▶ **Exercise brief**
The answer should hold only the lines from the one that contains "Andrew Murray Lord, Teach" through the last line of the material, repeated exactly, without pictures.

+ + +

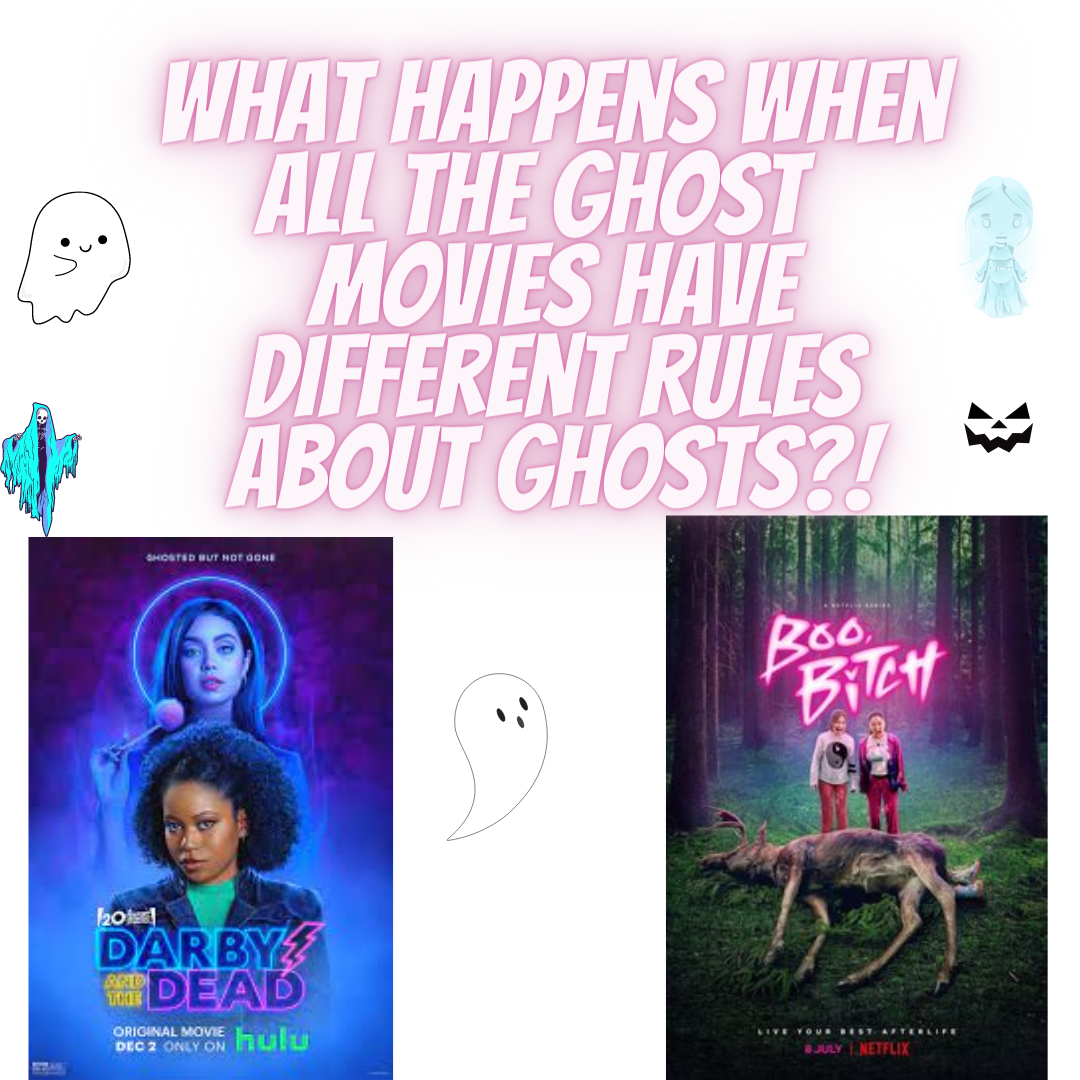 What Happens When All The Ghost Movies Have Different Rules About Ghosts? by Sadie writes what
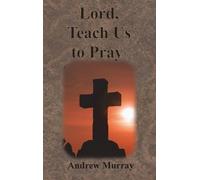 Andrew Murray Lord, Teach Us to Pray (Copertina rigida)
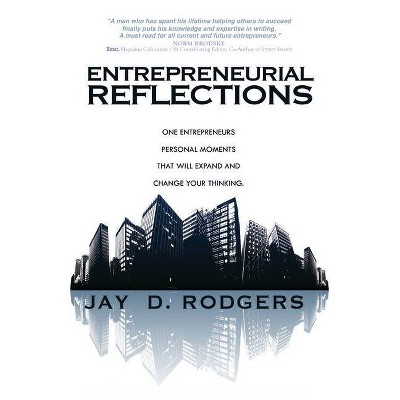 Entrepreneurial Reflections - by  Jay Rodgers (Paperback)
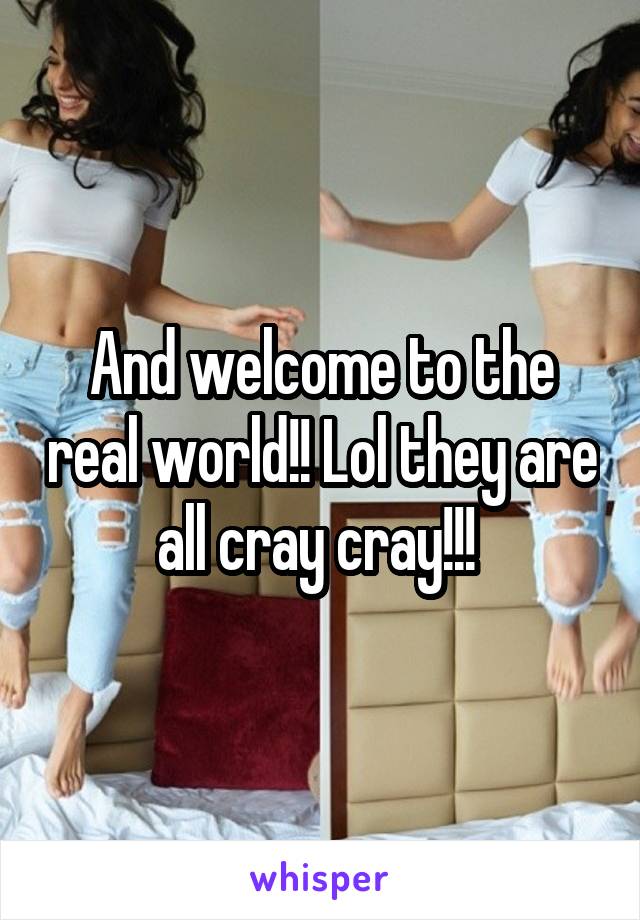 And welcome to the real world!! Lol they are all cray cray!!! 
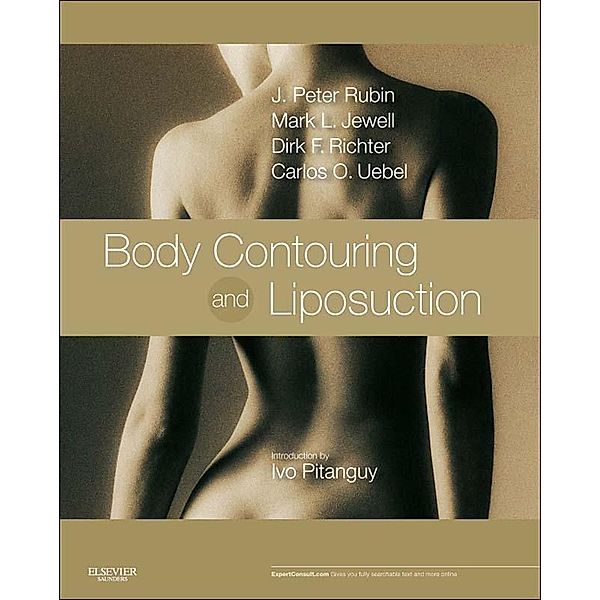 Body Contouring and Liposuction E-Book, J. Peter Rubin, Mark L. Jewell, Dirk Richter, Carlos Oscar Uebel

+ + +

▶ **Solution**
 Andrew Murray Lord, Teach Us to Pray (Copertina rigida)
 Entrepreneurial Reflections - by  Jay Rodgers (Paperback)
 And welcome to the real world!! Lol they are all cray cray!!! 
 Body Contouring and Liposuction E-Book, J. Peter Rubin, Mark L. Jewell, Dirk Richter, Carlos Oscar Uebel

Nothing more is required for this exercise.